- **Brief**
Write out word for word each line of the records, beginning at the first and stopping after the line with "Mushroom Gingham Linen Blend Sheet Set". Leave the pictures out.

Data items
━━━━━━━━
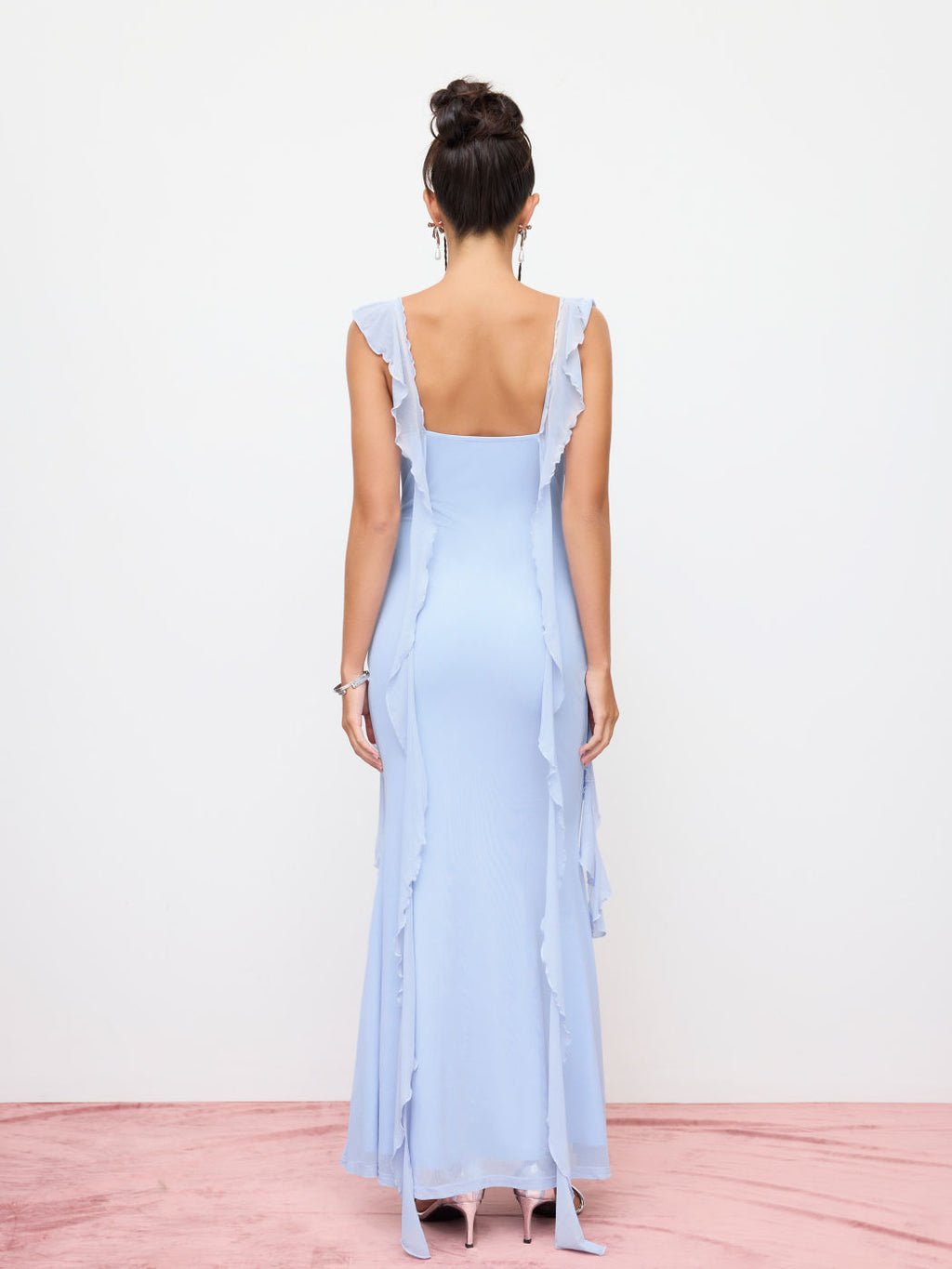 Vestido Maxi de Malla con Borde de Volantes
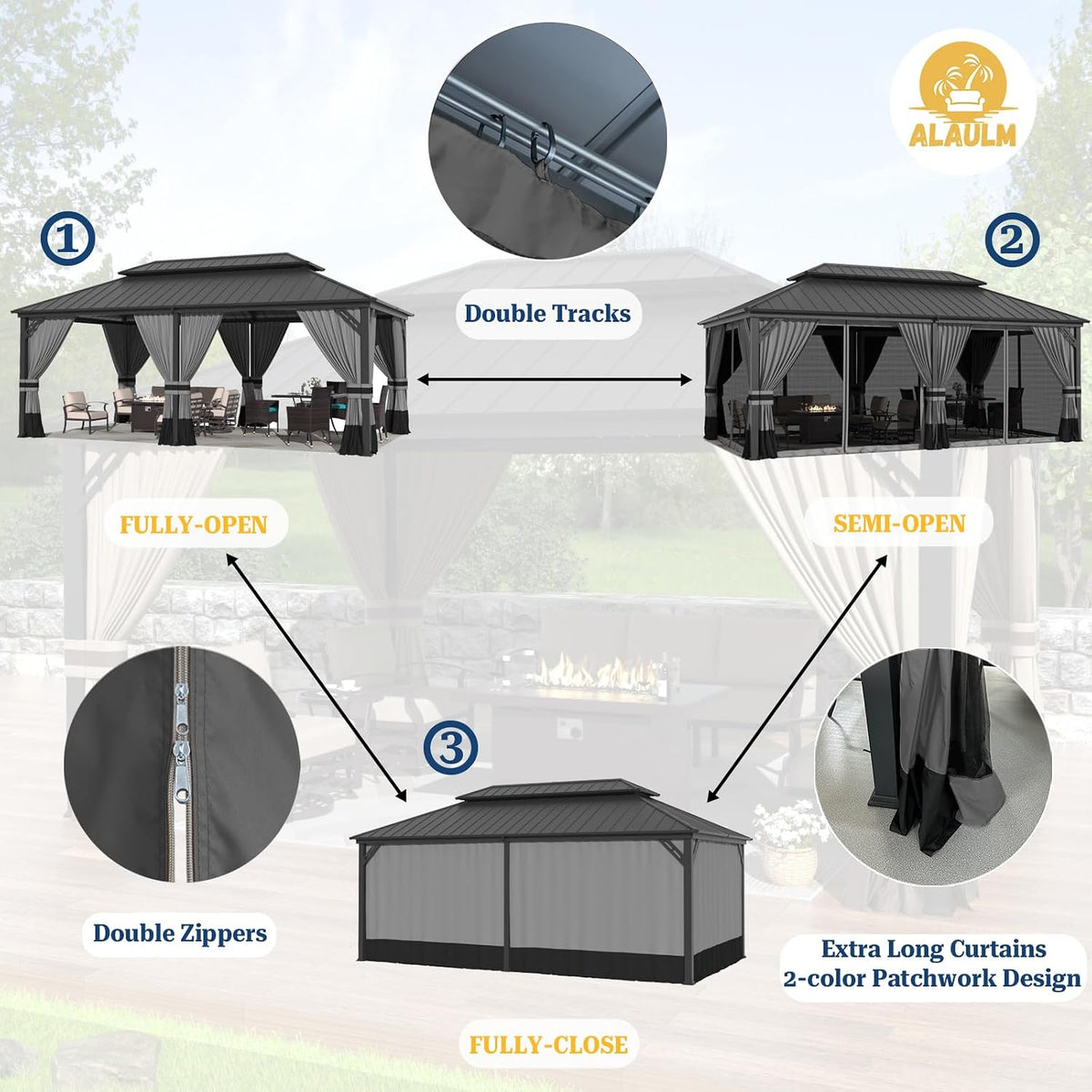 ALAULM 12'x20' Hardtop Gazebo, Outdoor Double Roof Canopy with Netting and Curtains, Galvanized Metal Frame, Sunshade for Patio, Backyard, Deck and Lawns-Gray
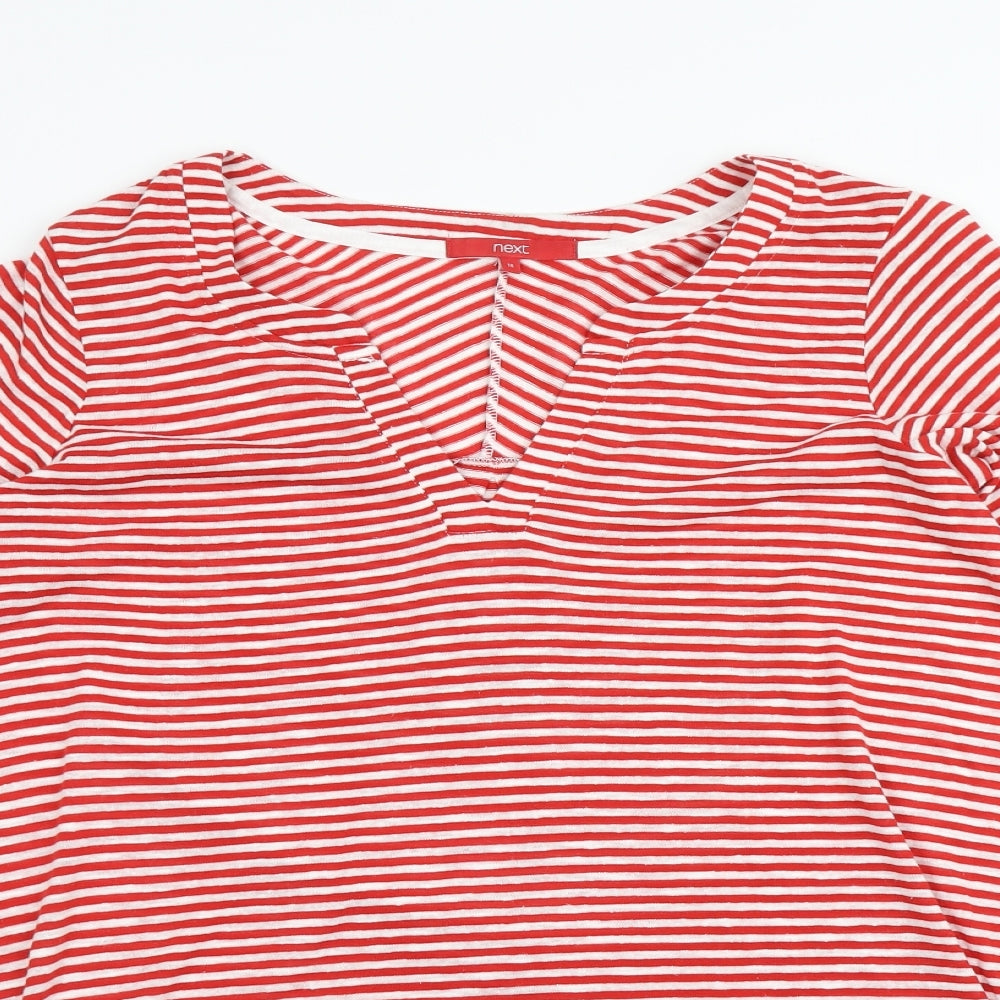 NEXT Womens Red Striped  Basic T-Shirt Size 18
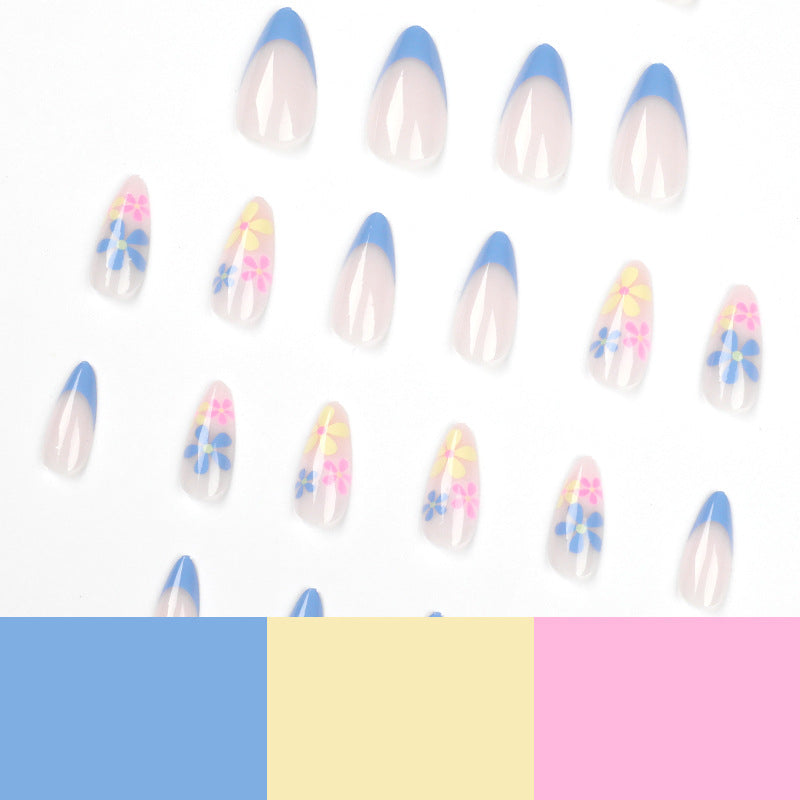 Blue Blossom French medium floral press-on nails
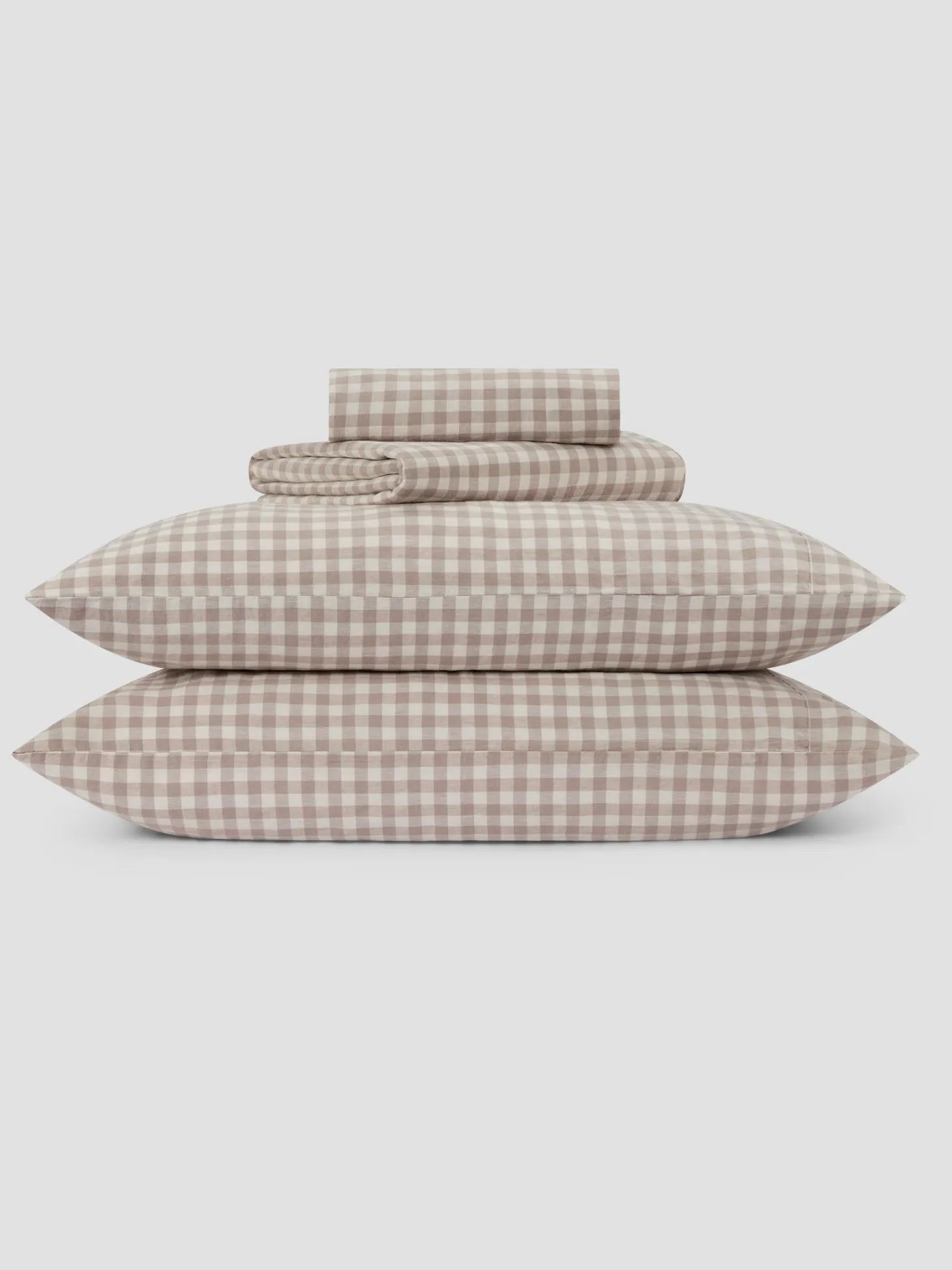 Mushroom Gingham Linen Blend Sheet Set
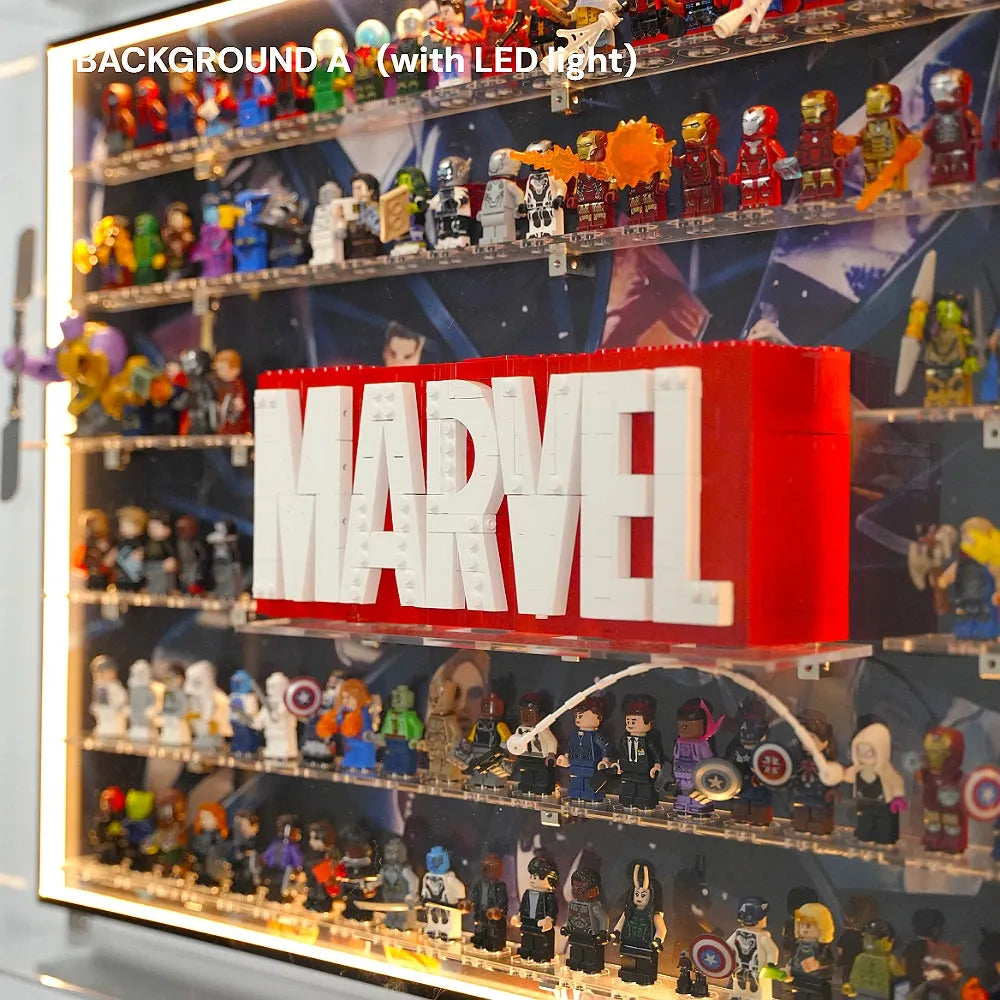 Dust Proof Wall mounted Display Case for LEGO® Marvel Logo & Minifigure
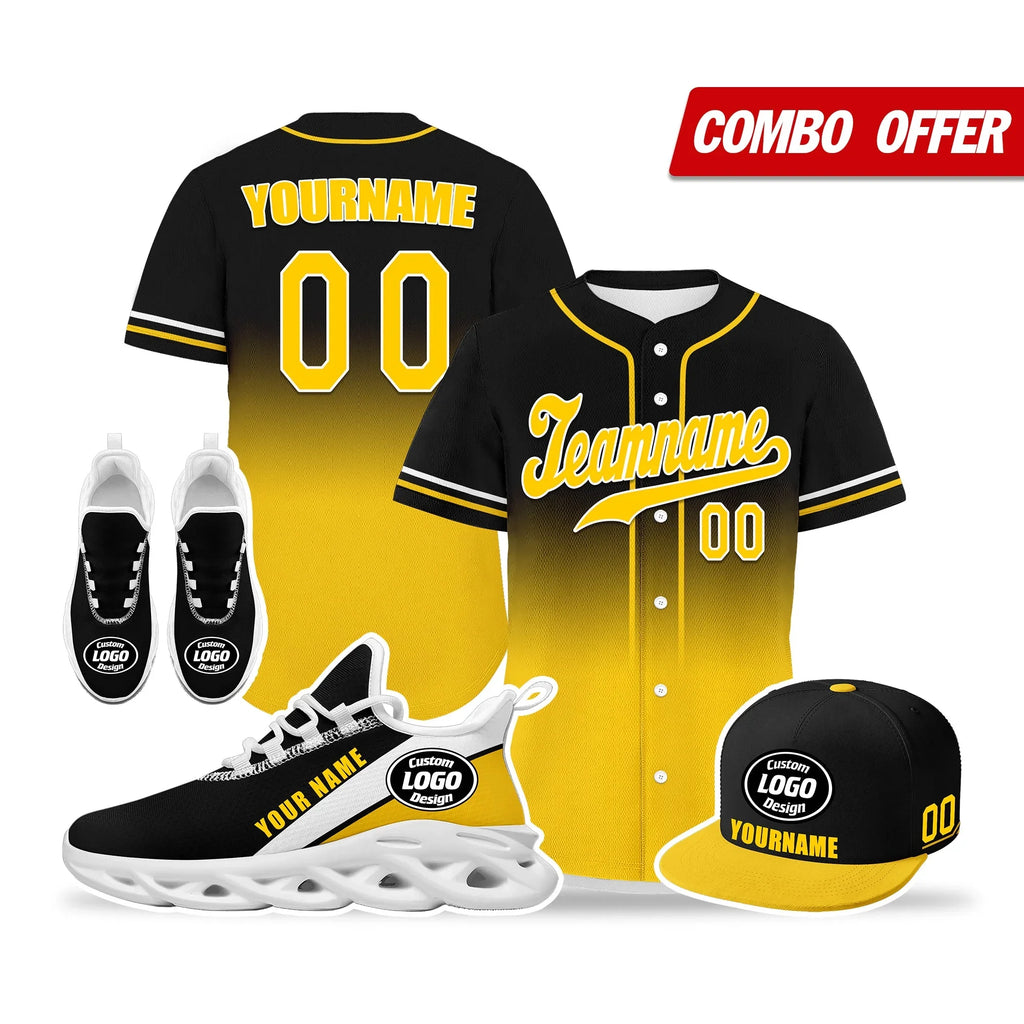 Custom Black Yellow Jersey MaxSoul Shoes and Hat Combo Offer Personalized ZH-bd0b007e-b - Coolcustomize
━━━━━━━━
- **Task response**
 Vestido Maxi de Malla con Borde de Volantes
 ALAULM 12'x20' Hardtop Gazebo, Outdoor Double Roof Canopy with Netting and Curtains, Galvanized Metal Frame, Sunshade for Patio, Backyard, Deck and Lawns-Gray
 NEXT Womens Red Striped  Basic T-Shirt Size 18
 Blue Blossom French medium floral press-on nails
 Mushroom Gingham Linen Blend Sheet Set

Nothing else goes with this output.